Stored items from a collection
:::::
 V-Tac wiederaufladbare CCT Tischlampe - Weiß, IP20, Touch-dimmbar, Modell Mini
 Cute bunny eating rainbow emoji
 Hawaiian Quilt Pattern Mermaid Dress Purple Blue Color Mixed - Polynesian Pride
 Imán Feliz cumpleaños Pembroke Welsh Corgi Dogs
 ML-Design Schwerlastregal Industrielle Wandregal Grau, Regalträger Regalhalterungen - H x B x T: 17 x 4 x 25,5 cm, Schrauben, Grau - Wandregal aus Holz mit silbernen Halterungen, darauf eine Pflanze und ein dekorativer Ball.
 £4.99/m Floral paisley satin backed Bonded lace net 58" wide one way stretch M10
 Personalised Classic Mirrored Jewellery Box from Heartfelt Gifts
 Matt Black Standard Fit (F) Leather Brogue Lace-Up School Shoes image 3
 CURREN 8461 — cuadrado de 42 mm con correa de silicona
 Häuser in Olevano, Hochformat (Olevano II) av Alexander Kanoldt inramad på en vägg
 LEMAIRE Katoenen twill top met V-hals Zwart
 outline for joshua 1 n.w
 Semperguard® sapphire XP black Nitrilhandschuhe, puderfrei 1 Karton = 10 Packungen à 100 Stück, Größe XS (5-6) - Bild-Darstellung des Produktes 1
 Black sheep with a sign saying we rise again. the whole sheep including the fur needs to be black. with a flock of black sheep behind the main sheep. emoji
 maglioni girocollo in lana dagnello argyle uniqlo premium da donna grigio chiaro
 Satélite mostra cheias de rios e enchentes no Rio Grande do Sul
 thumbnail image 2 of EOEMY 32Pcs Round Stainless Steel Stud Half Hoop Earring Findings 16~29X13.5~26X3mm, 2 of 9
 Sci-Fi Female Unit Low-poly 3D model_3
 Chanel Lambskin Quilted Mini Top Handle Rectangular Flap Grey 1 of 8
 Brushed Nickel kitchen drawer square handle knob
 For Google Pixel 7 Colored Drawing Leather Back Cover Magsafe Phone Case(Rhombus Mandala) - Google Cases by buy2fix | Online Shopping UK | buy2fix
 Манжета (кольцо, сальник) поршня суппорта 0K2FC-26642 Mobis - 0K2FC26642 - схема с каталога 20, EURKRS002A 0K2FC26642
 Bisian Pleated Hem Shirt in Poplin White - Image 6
:::::
Where in the entries above does the word "Mini" appear? Copy each line that has it.

**Your response:**
 V-Tac wiederaufladbare CCT Tischlampe - Weiß, IP20, Touch-dimmbar, Modell Mini
 Chanel Lambskin Quilted Mini Top Handle Rectangular Flap Grey 1 of 8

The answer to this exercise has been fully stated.